住宅版テスラ・HOMMAの作る「夢のスマートホーム」を実際に見せてもらったよ(第1回)
今日は住宅スタートアップのHOMMA Inc.を立ち上げた本間毅さんにお時間をいただき、2019年1月に完成した実験住宅のHOMMA ZEROにお邪魔しました。
実はアメリカの家のクオリティは低いという現実
シバタ: お忙しいところありがとうございます。私の読者の方はほとんど本間さんのことを知っていると思いますが、一応簡単に自己紹介をしていただけますか。
本間: はい。
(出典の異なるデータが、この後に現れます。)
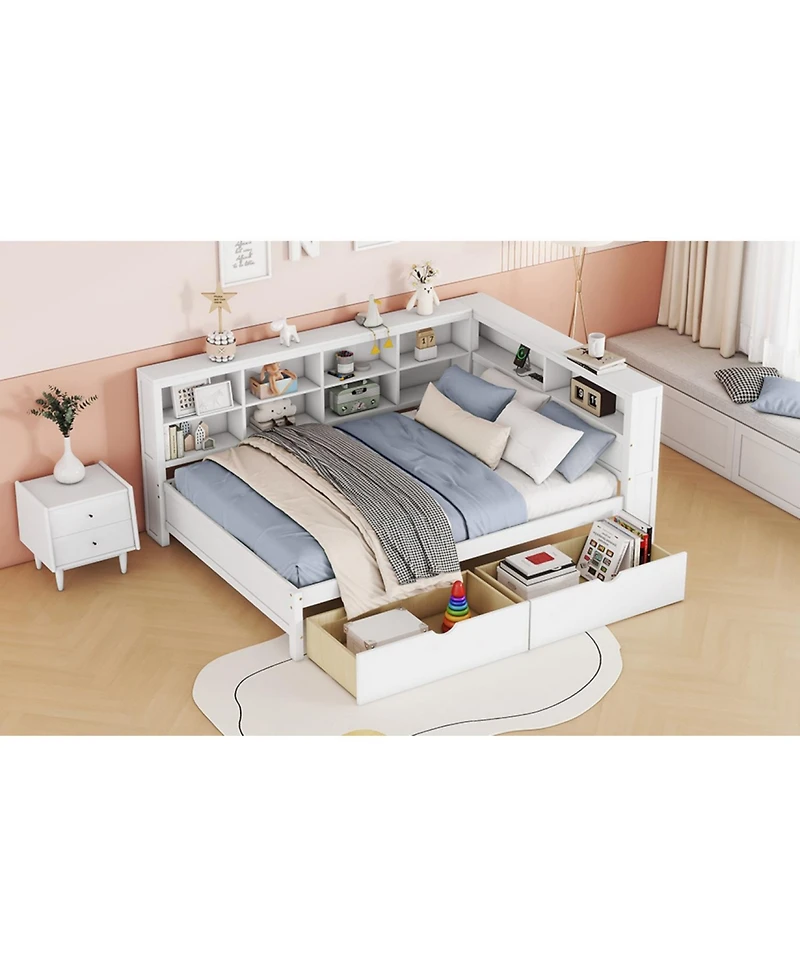 Streamdale Furniture Streamdale Wooden Full Size DayBed with 2 Drawers, Usb Ports, White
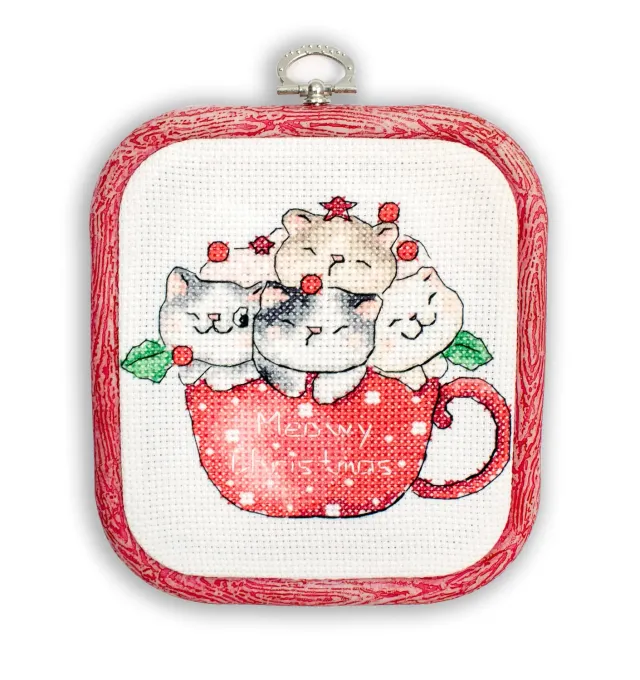 Leti Stitch L8080 Meowy Christmas borduurpakket met ring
ビットバレー(*1990年代後半から2000年代初頭に渋谷にIT系ベンチャー企業が続々開業、上場した時期)が盛り上がっていた学生時代にウェブ制作の会社を起業し、その後、ソニーや楽天を経て、HOMMA Inc.というアメリカの住宅をターゲットにしたスタートアップを立ち上げて4年目になります。
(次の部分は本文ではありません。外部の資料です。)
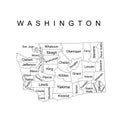 Washington State vector map silhouette illustration isolated on white background Royalty Free Stock Photo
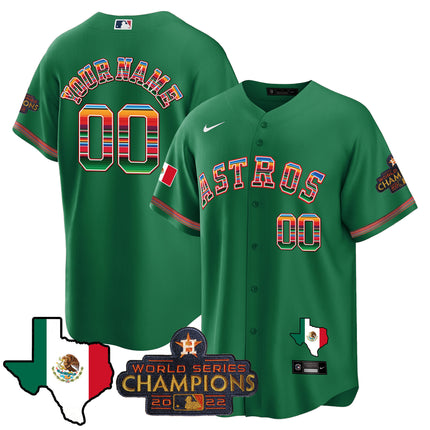 Astros Mexico Texas Map Cool Base Custom Jersey - All Stitched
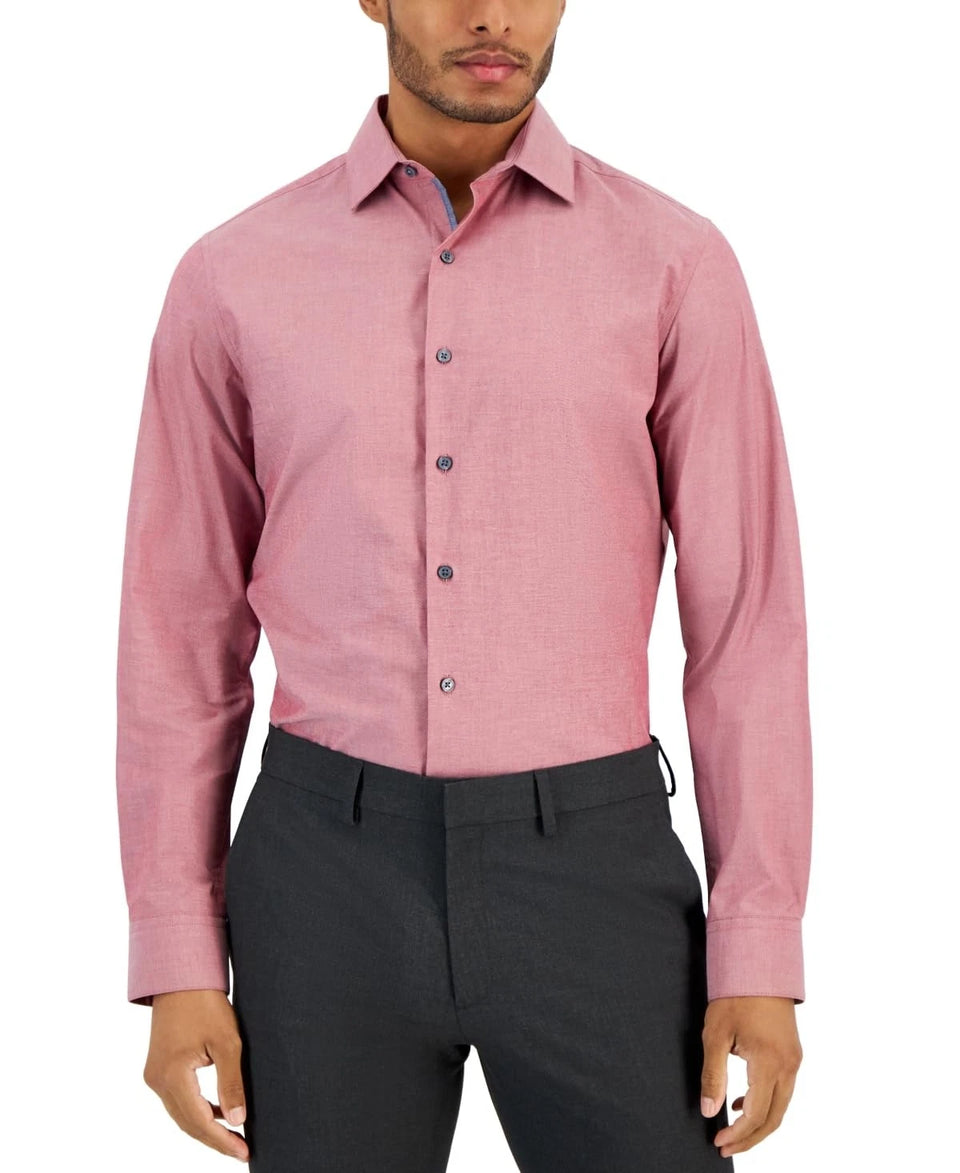 Bar III Men's Light Maroon Slim Fit Chambray Cotton Blend Stretch Dress Shirt | Bar III In Lebanon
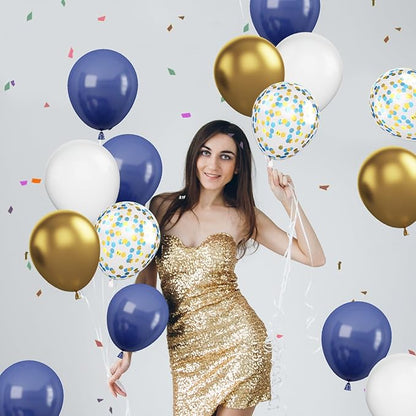 Navy Blue and Gold Balloons, 60Pcs Night Blue Gold Balloons, 12 Inch Metallic Gold Blue Confetti Balloons White Latex Balloons for Boys Birthday Baby Shower Wedding Graduation Party Decorations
シバタ: ありがとうございます。本間さんは今までずっと学生時代のベンチャーからソニーの中でも、割とソフトウェア系のお仕事をされていて、その後は楽天でインターネット関連のビジネスに関わっていましたが、なぜ今回は住宅のスタートアップを立ち上げようと思われたんですか?
本間: 僕はアメリカに住んで11年になりますが、住んでいる地域としてはシリコンバレーが長いんですね。シリコンバレーといえばスマホを作ったApple、Googleがあったり、車もTeslaが電気自動車で自動運転を開発したり、イノベーションがあちこちで起きています。しかし、実は住宅は建て方も100年前から変わっていなくて、しかも古い家がいっぱいあって、家のクオリティが低いんですよ。
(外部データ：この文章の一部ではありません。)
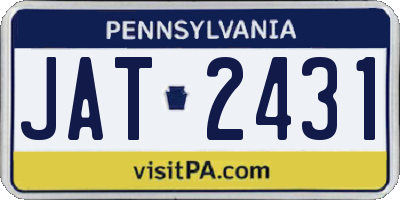 PA license plate JAT2431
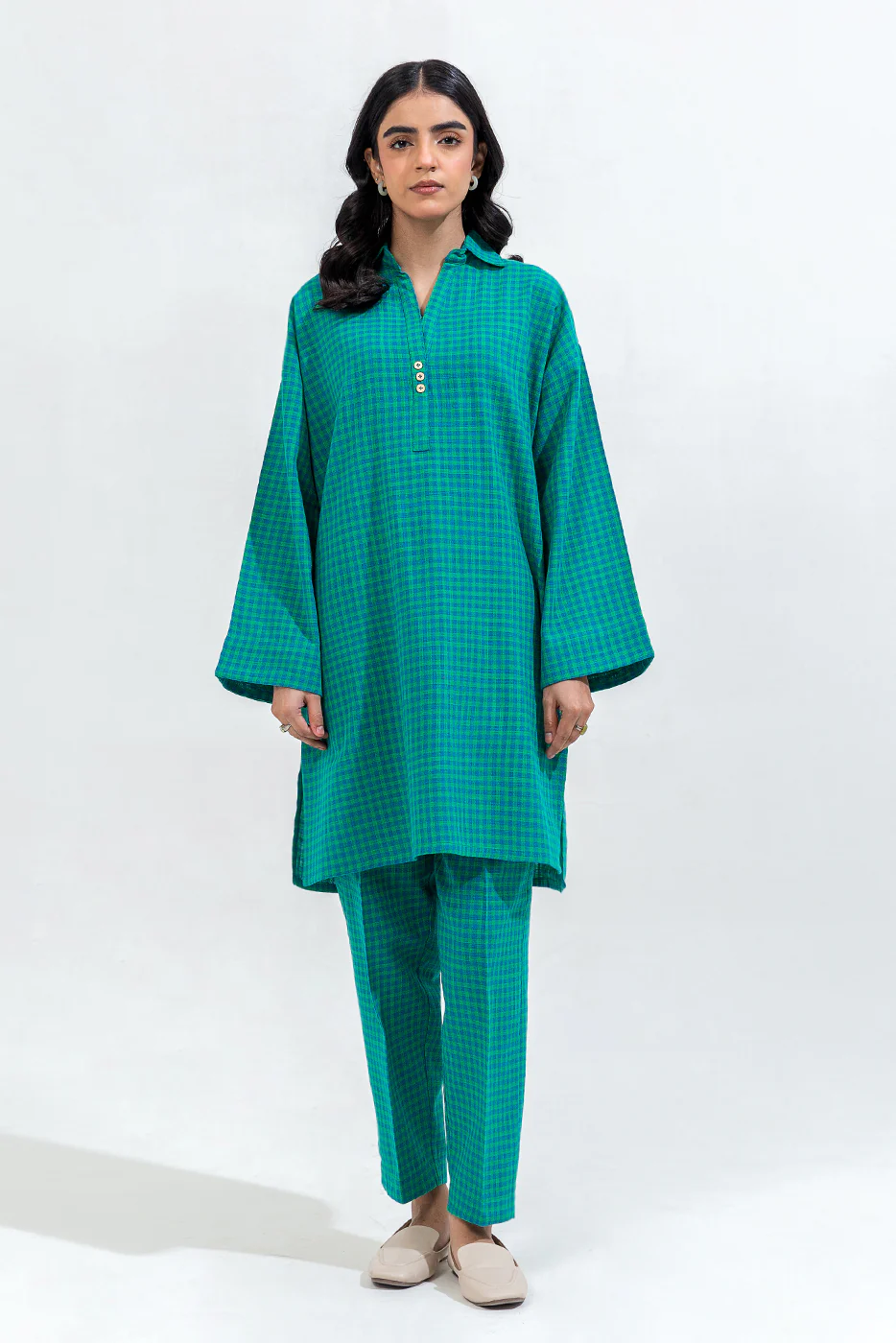 2 PIECE EMBROIDERED JACQUARD SUIT (PRET) - Image 2
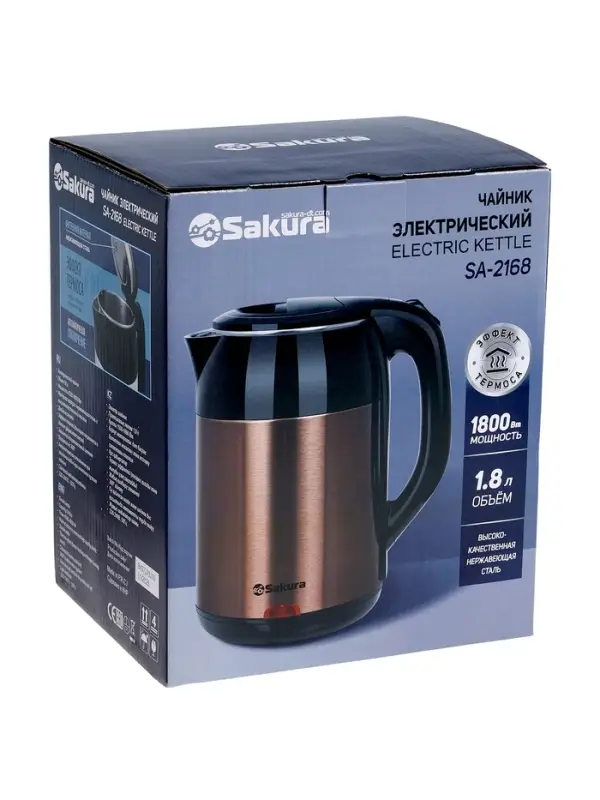 Чайник электрический Sakura SA-2168MBR, 1.8 л, металлический, чёрно-красный Чайник электрический Sakura SA-2168MBR, 1.8 л, металлический, чёрно-красный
これだけスマートホーム(IoTやAIなどを利用して快適な住環境を目指した住宅)と言われているのに、アメリカの住宅はそれ以前の問題で、家そのものは何も変わっていないじゃないかと思ったんです。イノベーションにあふれたシリコンバレーでも、「家にイノベーションを起こす」ということは誰もしていない。
人間って人生の40%くらいは家の中で過ごすのに、これじゃあダメだろうと。なので、僕としては家にイノベーションを起こすために住宅のビジネスをやりたかったんです。
もともと僕の父方の祖父が建築家で設計士で、母方の祖父は建築資材の販売会社をやってたということも影響しているかもしれません。
シバタ: 建築一家なんですね。
本間: そうなんです。父は設備系の技術営業をやっていたので、建築一家なんです。たまたま僕がITの道に進んでアメリカに来ちゃったんですけど。
シバタ: なるほど。本間家のルーツに戻る感じですね。
本間: 本間家のルーツは京都の宮大工なので、本当に「家」がルーツなんですよ。
シバタ: 面白いですね。先ほど「アメリカの住宅がいかにクオリティが低いか」という話があったと思うんですが、ちょっと補足をすると、シリコンバレーの住宅の価格や家賃が高くなっているという話はよく聞きますよね。地震がないということもありますが、古い家が多くて、築50年や100年の家って当たり前にありますよね。
アメリカの戸建て建築、販売事情
本間: そうなんです。アメリカの市場でいうと1年間の戸建て住宅の取引のうち約90%が中古で新築は10%程度しかないんです。古い家を買って、自分で改装して住む、というのが当たり前になっています。
シバタ: なるほど。古い家を買って直すのはもちろん全然アリだと思うんですけど、とにかく直すのにえらい時間とお金がかかるっていう問題がすごく大きいくないですか?家が古いだけじゃなくて、そこにものすごい、いわゆるアメリカの悪い意味での非効率性がすごくある気がしていて、なんとかならないのかな?っていうのは住んでいる人間としては思っています。
本間: そもそも僕がこの会社を立ち上げた問題意識はそこにあるんです。直接的なきっかけは、自分が家を買うと時に古い家しかなくて、ボロいのに高いんですよね。だったらゼロから家を建てればいいじゃないか?と思ったんです。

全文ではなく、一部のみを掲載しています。